Chapter 28 of Iacocca was titled “Making America Great Again.” It might have been written by The Donald.

“Unless we act soon, we’re going to lose both steel and autos to Japan by the year 2000,” wrote Iacocca. “And worst of all, we will have given them up without a fight.”

Colorful, profane, with an ego bigger than Lake Michigan, Iacocca captured the American imagination with his plainspoken style.

Doron Levin, a long-time Detroit columnist and currently host of Sirius XM’s “In the Driver’s Seat,” says that Iacocca, like Trump and Ross Perot, was a brand that cut across political parties.

“They’re populists,” says Levin. “They could run in either political party depending on the election year. Trump saw an opportunity as a Republican in 2016 against Hillary Clinton. Iacocca seriously considered running as a Democrat in 1988 against George H. W. Bush.”

In his book Behind the Wheel at Chrysler, Levin wrote:

The loan guarantee debate, Chrysler’s subsequent return to health, and the publication of [Iacocca’s] best-selling autobiography conferred mythic status on him as the nation’s economic Winston Churchill. At the peak of his popularity, many Americans believed not only that Iacocca held the answers to the nation’s economic ills but also that he should lead the country as president.

Iacocca’s Trumpian call for a national industrial policy in 1988 fit perfectly with that generation’s Democratic party — its power base rooted in the Midwest, with union mouthpieces such as House Commerce Committee chairman John Dingell (D., Mich.) and caucus chair and future majority leader Dick Gephardt (D., Mo.) wielding power.

TV newscasts and newspaper headlines in the early 1980s were filled with painful pictures of American steel mills and auto factories shuttering across the Midwest. Iacocca’s partnership with Washington to rescue Chrysler offered Democrats a white knight in the fight against Reagan Republicans’ policy of free-market economics.

Democrats and their media partisans embraced Iacocca’s call for a Beltway-led industrial policy.

“As important as it is, high tech will never employ the number of people that our basic industries do today,” wrote Iacocca. “In other words, our country needs a rational industrial policy. Governments all over the world plan — except for ours. . . . We’re the only advanced country in the world without an industrial policy.”

If Trump’s bogeyman is China, Iacocca’s was Japan. He warned of the Asian nation’s threat to America’s industrial base and stumped for import quotas.

“I am called a protectionist, I am really a free trader,” Iacocca said at the Detroit Economic Club speech some years later. “The thing that I want to protect is free trade. And the way you do that is you retaliate against those who don’t believe in it.”

Despite favorable polling numbers, Iacocca never threw his hat in the presidential ring.

“For myself, I concluded long ago that to run for president you’ve got to be overambitious or just plain crazy,” he would write years later.

Where would Iacocca fit in today’s political landscape?
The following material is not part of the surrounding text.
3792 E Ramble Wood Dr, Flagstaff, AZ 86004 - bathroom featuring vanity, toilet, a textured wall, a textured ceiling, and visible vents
It’s hard to know. Like Trump, whose pro-business, protectionist policies simultaneously attract and repel conservatives, Iacocca was hard to pigeonhole.
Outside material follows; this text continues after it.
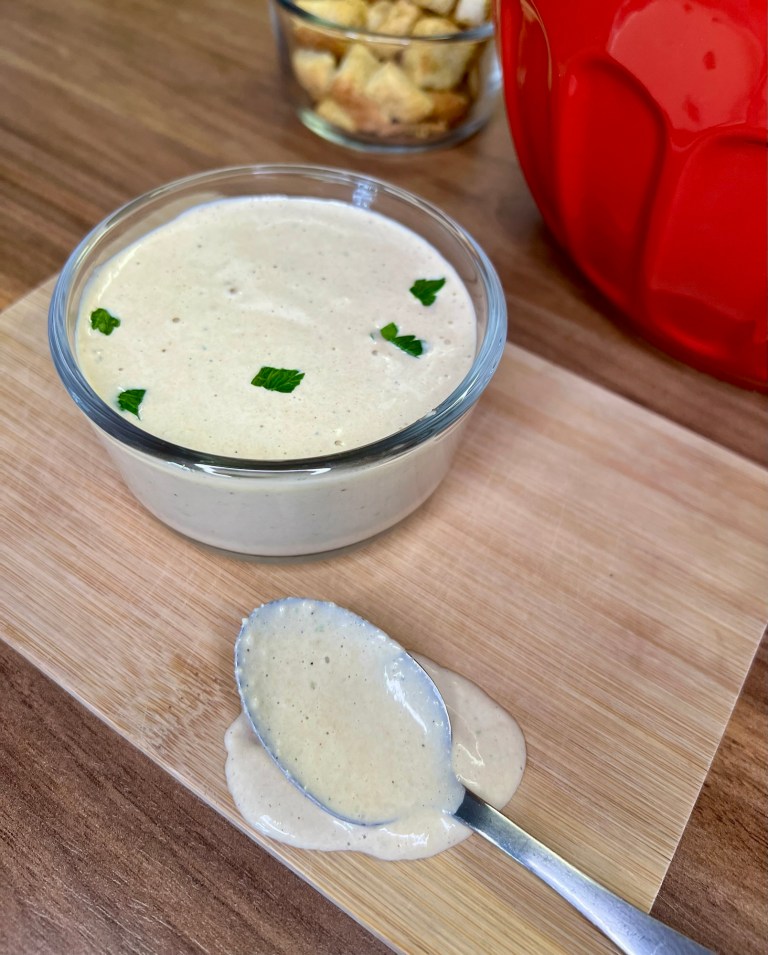 Caesar dressing in a small glass dish on a wooden cutting board with a spoonful of it nearby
After retiring from Chrysler in the 1990s, he helped start an electric-vehicle company, EV Global Motors, that pioneered the electric bicycles and scooters that are commonplace today and hailed by Democrats for their low emissions. Yet Iacocca would probably have cringed at the takeover of the Democratic party by Californians such as Nancy Pelosi and recent Commerce Committee chair Henry Waxman and their Silicon Valley sponsors.

Today’s planet-saving Green New Deal industrial policy is a long way from Iacocca’s vision of saving the Rust Belt.

The lure of the celebrity executive endures, however. Trump is now president. And a recent Zogby 2020 campaign poll found Oprah Winfrey leading Trump by 53 to 47.